[Start of section]
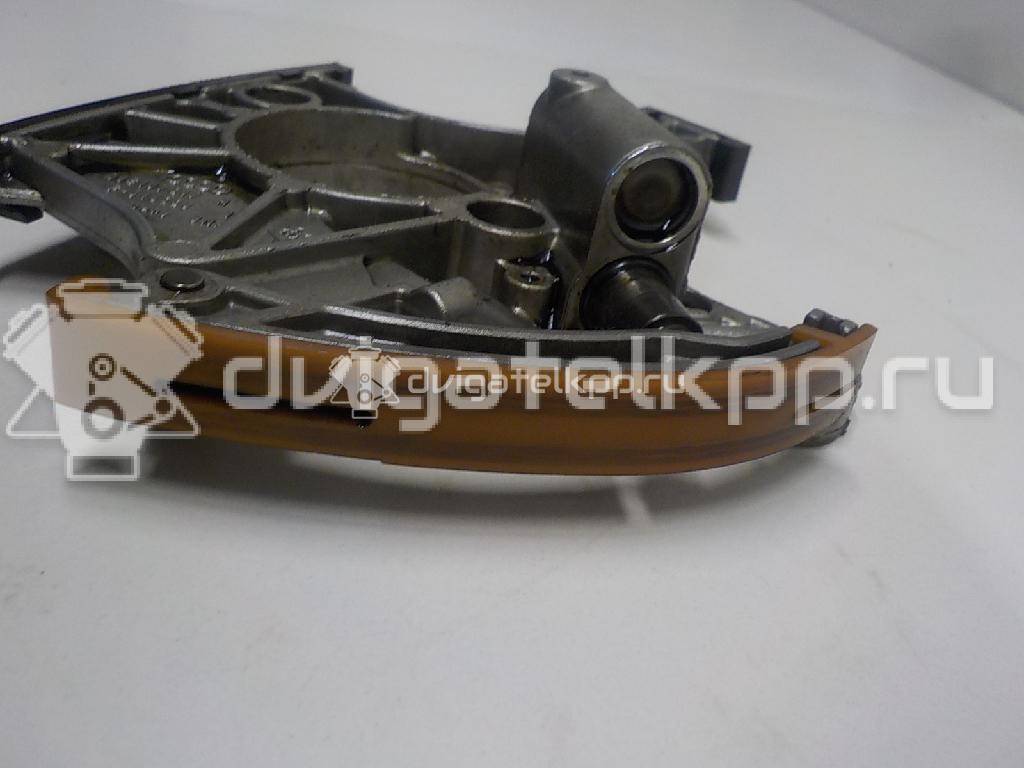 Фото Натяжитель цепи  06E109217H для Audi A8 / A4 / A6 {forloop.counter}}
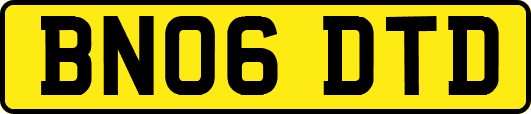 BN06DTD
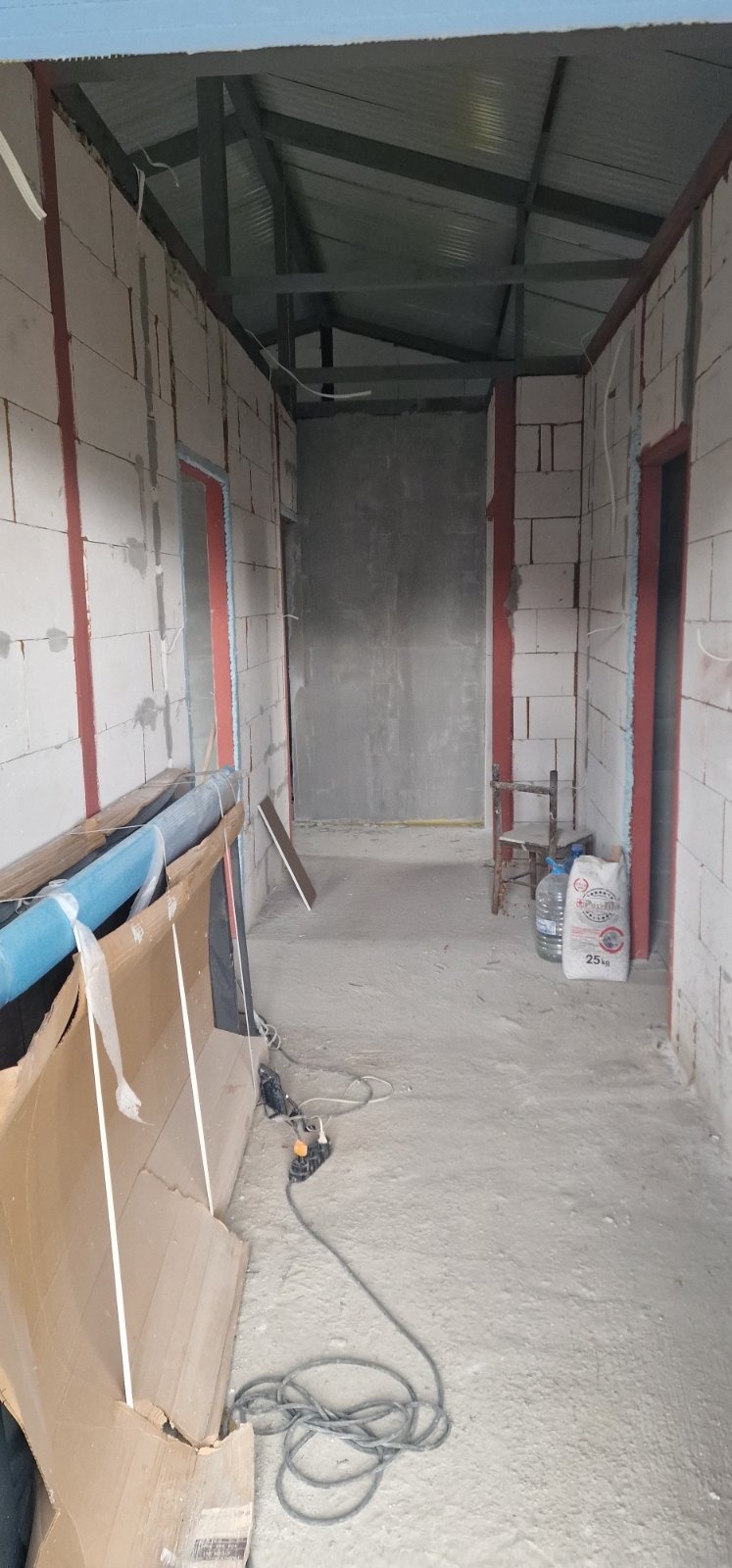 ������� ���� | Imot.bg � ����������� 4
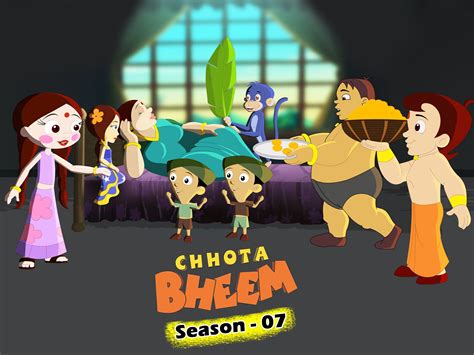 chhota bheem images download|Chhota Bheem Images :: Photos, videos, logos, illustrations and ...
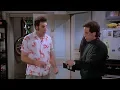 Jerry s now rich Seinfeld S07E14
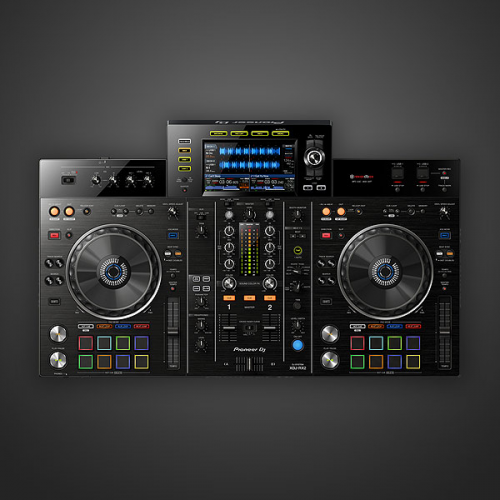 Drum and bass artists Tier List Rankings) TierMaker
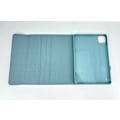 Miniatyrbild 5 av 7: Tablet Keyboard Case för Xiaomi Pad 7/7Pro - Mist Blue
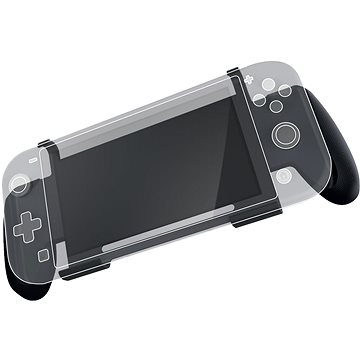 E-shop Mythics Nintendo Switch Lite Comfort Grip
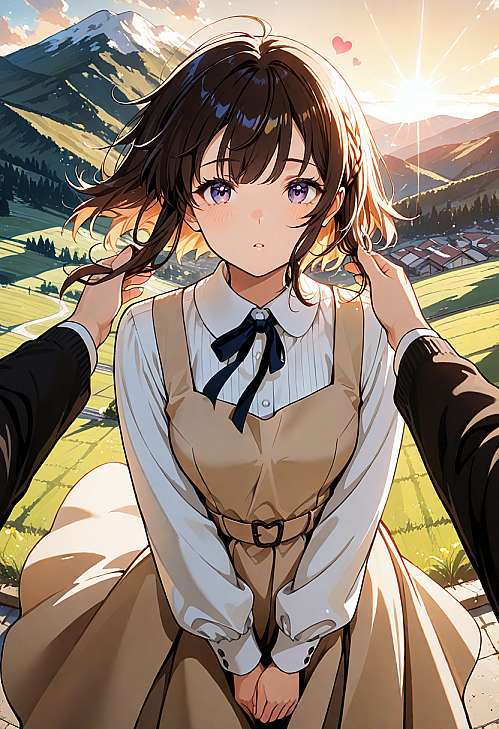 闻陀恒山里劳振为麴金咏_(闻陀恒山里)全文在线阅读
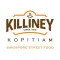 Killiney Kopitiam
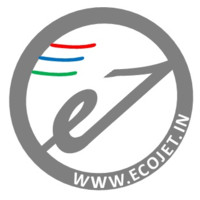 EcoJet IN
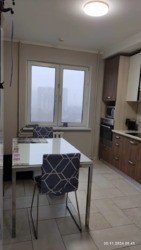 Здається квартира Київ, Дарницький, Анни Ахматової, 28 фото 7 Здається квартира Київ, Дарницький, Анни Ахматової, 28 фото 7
[End of section]
■ **Exercise objective**
With pictures excluded, the lines running from the one containing "chhota bheem images download|Chhota" through the last line of the records above are to be restated exactly and in full.

■ **Result**
 chhota bheem images download|Chhota Bheem Images :: Photos, videos, logos, illustrations and ...
 Jerry s now rich Seinfeld S07E14
 Drum and bass artists Tier List Rankings) TierMaker
 Miniatyrbild 5 av 7: Tablet Keyboard Case för Xiaomi Pad 7/7Pro - Mist Blue
 E-shop Mythics Nintendo Switch Lite Comfort Grip
 闻陀恒山里劳振为麴金咏_(闻陀恒山里)全文在线阅读
 Killiney Kopitiam
 EcoJet IN
 Здається квартира Київ, Дарницький, Анни Ахматової, 28 фото 7 Здається квартира Київ, Дарницький, Анни Ахматової, 28 фото 7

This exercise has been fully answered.